New brain map more than doubles charted regions of the human noggin
Ars Technica 2016-07-22

(credit: Nature Video/Matthew F. Glasser, David C. Van Essen)
Despite the advances of modern medicine, the wrinkled, twisted expanse of the human noodle has been mostly an uncharted frontier, with sparse territories and regions staked off so far. In the past, scientists have merely cordoned off sections based on a single type of brain feature, such as cell structures, brain topography, or identified functions. But now, in a comprehensive analysis of 210 healthy brains published Wednesday in Nature, researchers have merged such data sets and drawn an inclusive map of the mind's provinces.
The newly inked atlas, hatched from the National Institutes of Health’s Human Connectome Project, more than doubles the identified realms of the human brain’s outer shell, the cerebral cortex. This is the dominant part of the human brain, responsible for our minds’ higher functions, such as language, consciousness, information processing, and problem solving. The map depicts 360 cortex areas or 180 symmetrical, paired regions in each hemisphere, of which 83 were known and 97 are new.

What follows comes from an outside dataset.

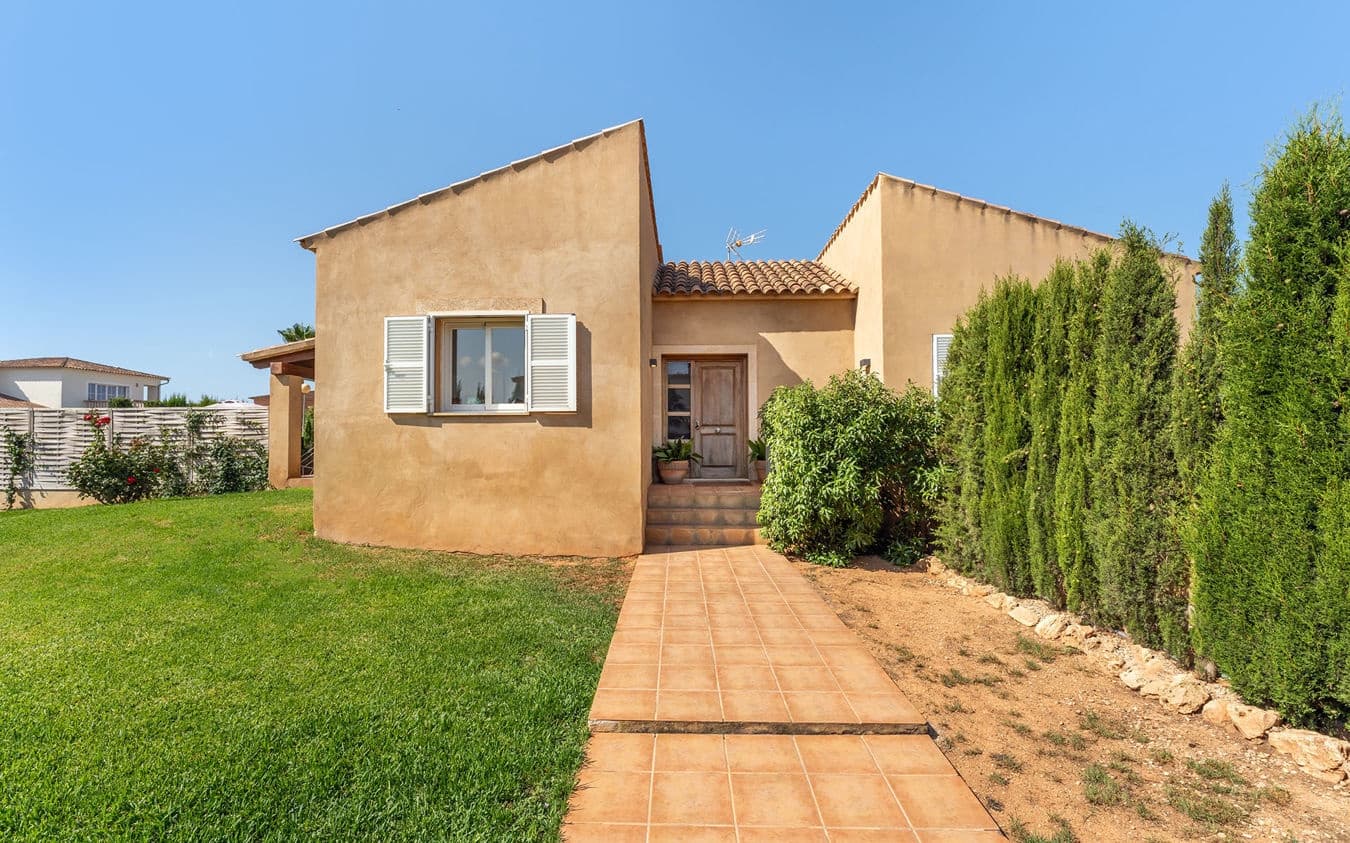 3 bedroom Villa for sale in Sa Rapita / La Rapita with pool garage - € 1,070,000 (Ref: 9528777)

- The image shows a 180-area multimodal human cortical parcellation on the left and right hemisphere surfaces. Colors indicate the extent to which the areas are associated in the resting state with auditory (red), sensation (green), visual (blue).
While the new map is still a first draft, to be adjusted and honed with more research, the study's authors are hopeful that the cerebral sketch may quicken the pace toward understanding how the mind’s hardware works. Plus, it may provide a guide for neurosurgeons’ scalpels and more detail for researchers examining how the primate brain has evolved.